And you already know plenty about me. You could submit a draft of the pilot episode to HBO or Telemundo, but they’d probably think it was OTT.

6 responses to “Till death do us part”

  1. A very funny post, by turns very serious. Sexual abuse, drunkenness, and divorce notwithstanding, my favorite line was this, which I read in your British accent almost as if it were a voiceover on a National Geographic special filmed in the wild:

    We witness the Oedipal death of the father…in the nicest possible way.

  2. Tim Wager says:


    Wowee, wow, wow.

    It really does have the makings of a movie, a kind of cross between “Celebration” and a Hugh Grant wedding farce. I vote for Mike Leigh to direct.

    Thanks for making your extended family dysfunction so entertaining for us. Perhaps it was cathartic for you to write, so I hope you got something out of it too.

  3. Stephanie Wells says:

    Yes, it’s all very East Enders!! At least, that’s how I picture all big dramatic extended English families to be, since I don’t know very many of them, so everyone becomes Den and Angie and ‘Chelle and Lofty at the Queen Vic in my mind (obviously I haven’t watched it since, like, 1986). High drama, indeed.

  4. Lane says:

    “my comic and popular Dad”

    Ah yes your Dad! he is comic and popular.

  5. MarleyFan says:

    Novellamaster: great post, very gripping; like a fine novel we can’t put down (ok, ok, I’ll just read ONE more page).

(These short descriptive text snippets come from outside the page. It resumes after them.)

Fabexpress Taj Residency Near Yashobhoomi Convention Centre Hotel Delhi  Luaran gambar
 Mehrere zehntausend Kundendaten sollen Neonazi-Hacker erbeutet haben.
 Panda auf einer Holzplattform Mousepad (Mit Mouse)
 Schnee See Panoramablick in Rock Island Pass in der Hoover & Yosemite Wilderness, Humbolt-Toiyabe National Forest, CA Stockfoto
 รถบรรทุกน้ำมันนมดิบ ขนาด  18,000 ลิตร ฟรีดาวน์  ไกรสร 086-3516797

It took a little reading to determine if you were making this up, had a superior imagination, or if you were worked for CNN, reporting the drama as it unfolded.
    Gary (a perpetual lurker, and SSW’s brother)

    PS: What is OTT?

  6. Stella says:

    OTT = Over the top

    Eastenders…wrong social class, wrong part of the country, but otherwise a match. We certainly drink as much as they do.

    All of this is 100% true, but be assured that I used pseudonyms. Thank you all for persevering, but you should know that I edited out tons of material and some minor characters.

    And for members of the NECSC, it’s “John’s” wife that gave us the infamous cereal box game.